Il faut souligner que le potentiel des ressources en eau par habitant est passé de 2.500 m3/habitant/an durant les années 60 à 1.000 m3/habitant/an durant les années 90, et à moins de 800 m3 actuellement. En 2030, la dotation en eau ne sera plus que de 500 m3/habitant/an si le gouvernement ne prend pas les mesures nécessaires.

Depuis les années 80, le pays est confronté systématiquement à des cycles de cinq années de sécheresse. Outre les aléas climatiques et les contraintes géographiques, ces régions sont victimes d’une utilisation irrationnelle de l’eau d’irrigation : plusieurs exploitants ont lancé des projets gros consommateurs en eau, à l’image de la pastèque à Zagora.

Dans une déclaration à la presse, Charafat Afailal, secrétaire d’Etat chargée de l’Eau, affirme que «l’approvisionnement en eau du pays à long terme dans un contexte de rareté et sous la menace des changements climatiques est un défi à relever. C’est un challenge difficile, mais faisable si l’on s’y prend convenablement dès à présent».

Et d’ajouter : «On se doit d’être optimiste, prendre des décisions et engager des réformes courageuses pour infléchir la tendance de surexploitation des ressources renouvelables, assurer une gestion viable de l’eau et être au rendez-vous».

Le Maroc a pu réussir des projets de grande envergure, dont la généralisation de l’électrification rurale qui atteint actuellement plus de 97% de ses objectifs, mais concernant l’accès à l’eau potable, le pays accuse un retard considérable.

Outre les régions arides, des zones à forte pluviométrie et qui sont proches des sources d’eau, se plaignent elles aussi des ressources insuffisantes en eau potable.

A Ghafsaï, par exemple, qui est à quelques kilomètres du barrage Al Wahda, le plus grand réservoir d’eau du pays avec plus de 3 milliards de m3, les coupures d’eau de plus en plus fréquentes causent des désagréments à la population.

«Les autorités concernées n’ont pas réalisé les investissements nécessaires.
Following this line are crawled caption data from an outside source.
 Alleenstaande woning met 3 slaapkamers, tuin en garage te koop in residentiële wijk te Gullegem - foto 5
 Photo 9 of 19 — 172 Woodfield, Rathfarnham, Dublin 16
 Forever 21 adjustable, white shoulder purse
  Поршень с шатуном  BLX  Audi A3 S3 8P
Les eaux du barrage Al Wahda sont destinées aux grandes métropoles alors que les petits villages avoisinants sont marginalisés», souligne Rachid Senoune, militant associatif à Ghafsaï.

Pour Charafat Afailal, la sécurité hydrique et l’approvisionnement durable en eau «exige de nous des sacrifices» pour combiner la mobilisation des ressources en eau conventionnelles et non conventionnelles «de plus en plus chères», la gestion  de la demande, la rationalisation et l’efficience de l’utilisation de l’eau et la lutte contre la pollution. Afin de relever ces défis, elle juge nécessaire d’adopter un mode de gouvernance favorisant la participation et la responsabilisation des acteurs dans le respect de la réglementation et basé notamment sur les dispositions de la nouvelle loi relative à l’eau.
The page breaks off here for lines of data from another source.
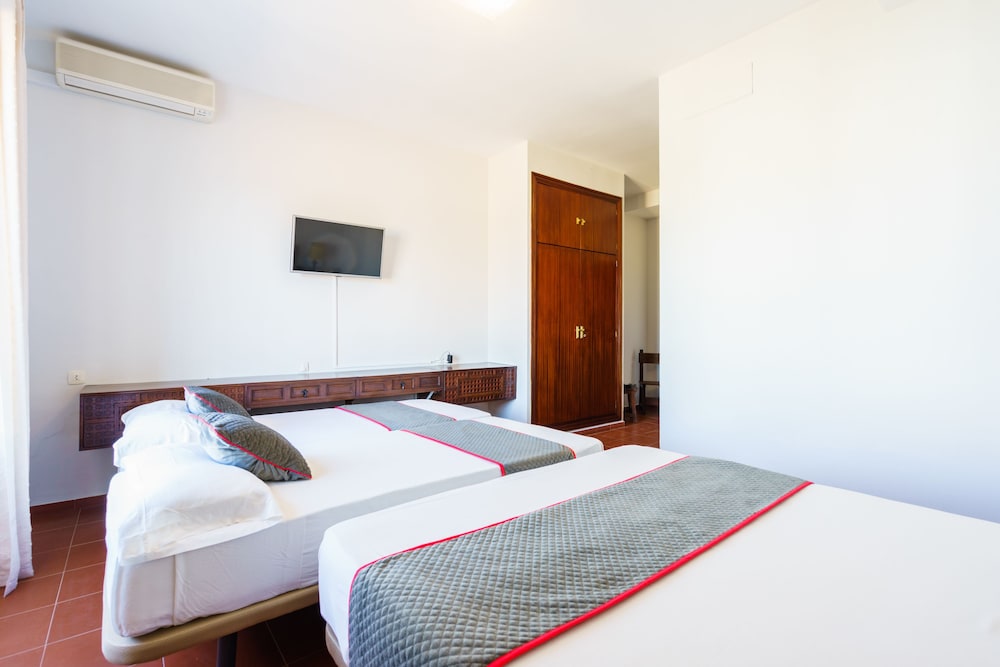 OYO HOTEL LAS CUMBRES 15/39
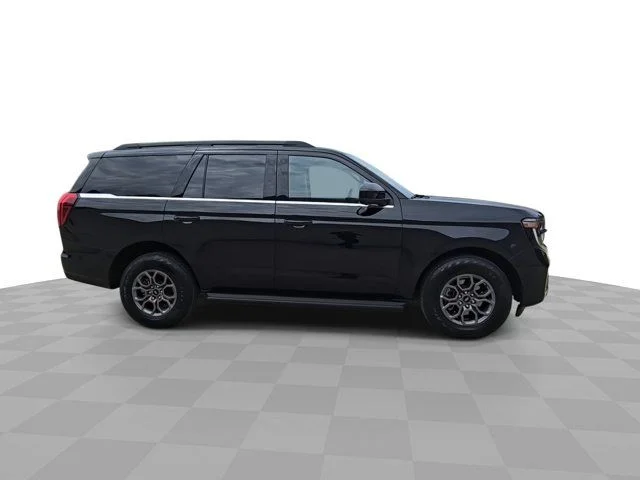 Certified Used 2025 Agate Black Metallic Ford Active image 9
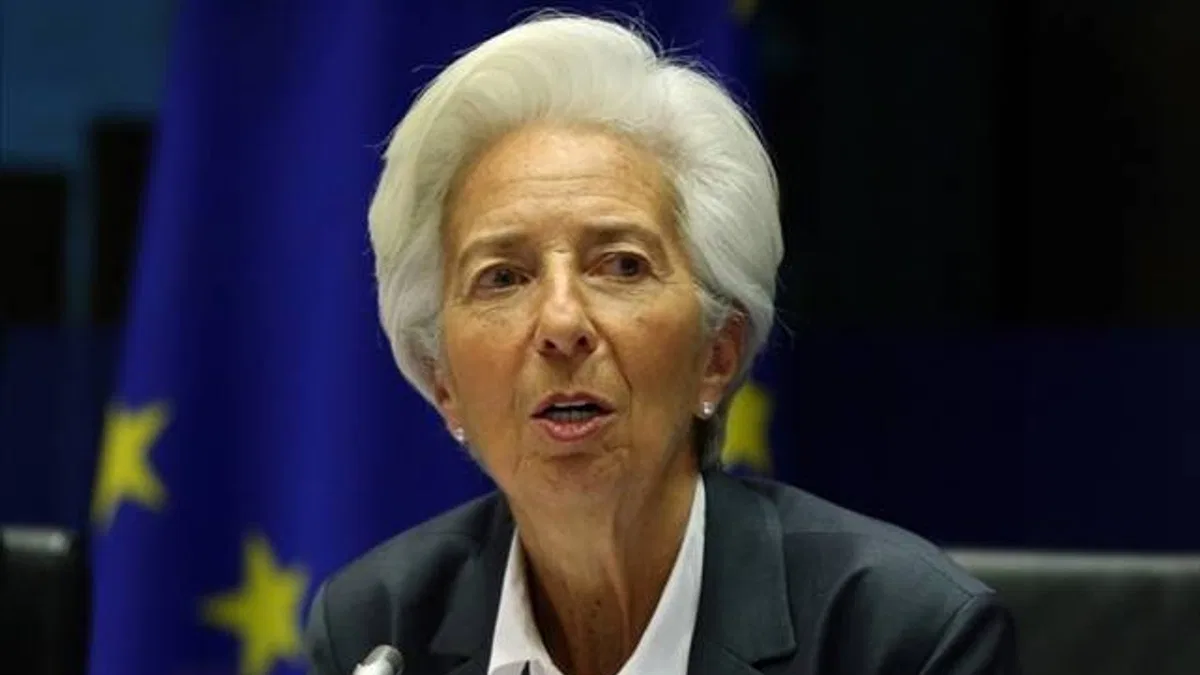 ECB Başkanı Lagarde: Avro’nun değer kaybı da enflasyonist baskıları artırdı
Certes, la politique des barrages a permis d’atténuer le stress hydrique mais elle n’a pas résolu le problème dans sa globalité. Bien que les réserves du pays atteignent environ 20 milliards de m3, elles restent insuffisantes pour couvrir les besoins pressants, notamment de l'agriculture, de l'urbanisation, de l'industrie, du tourisme... ■

 


La sécurité hydrique à l’horizon 2030

Outre les mesures d’urgence, le gouvernement s’attèle à trouver des solutions d’ordre stratégique à travers notamment la mise en oeuvre de tous les décrets organiques relatifs à la loi sur l’eau. L’Etat travaille aussi sur l’élaboration du plan national de l’eau en vue de garantir la sécurité hydrique à l’horizon 2030.
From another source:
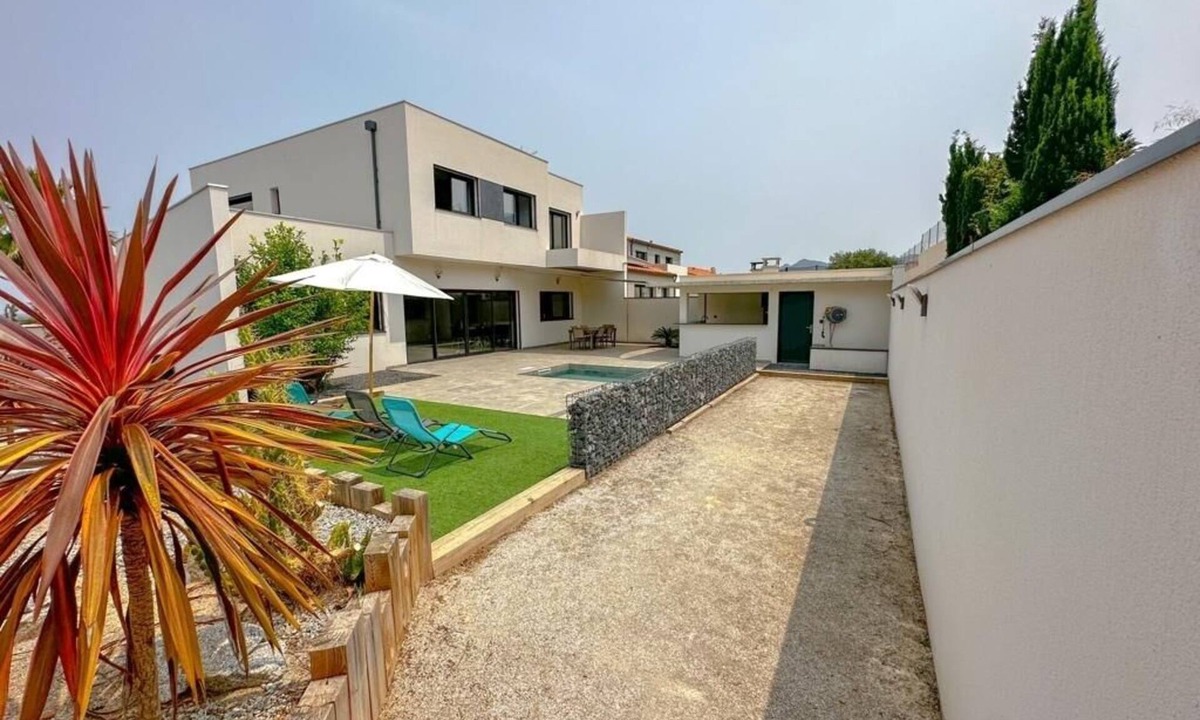 Villelongue-dels-Monts House | L'Attrape Rêves - Four Bedroom House, Sleeps 10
La commission interministérielle chargée de résoudre les problèmes d’accès à l’eau potable dans les régions rurales et montagneuses, présidée par le chef du gouvernement, s’est engagée à résoudre les problèmes les plus urgents au plus tard en 2018.

Dans les régions impactées et ayant un accès sur la mer, des usines de dessalement sont programmées comme celles d’Agadir, Laâyoune, ou encore Dakhla. Dans la capitale du Souss, le site produira près de 275.000 mètres cubes d’eau par jour (150.000 m3 pour l’eau potable et 125 000 m3 pour irriguer 13.600 hectares). A terme, l’usine pourra atteindre une capacité de 450.000 m3 par jour.

Sur un autre registre, le gouvernement poursuit la mise en place de stations de traitement des eaux usées au niveau des régions de Souss-Massa, Dakhla et Al Hoceima, en plus de la programmation d’autres unités.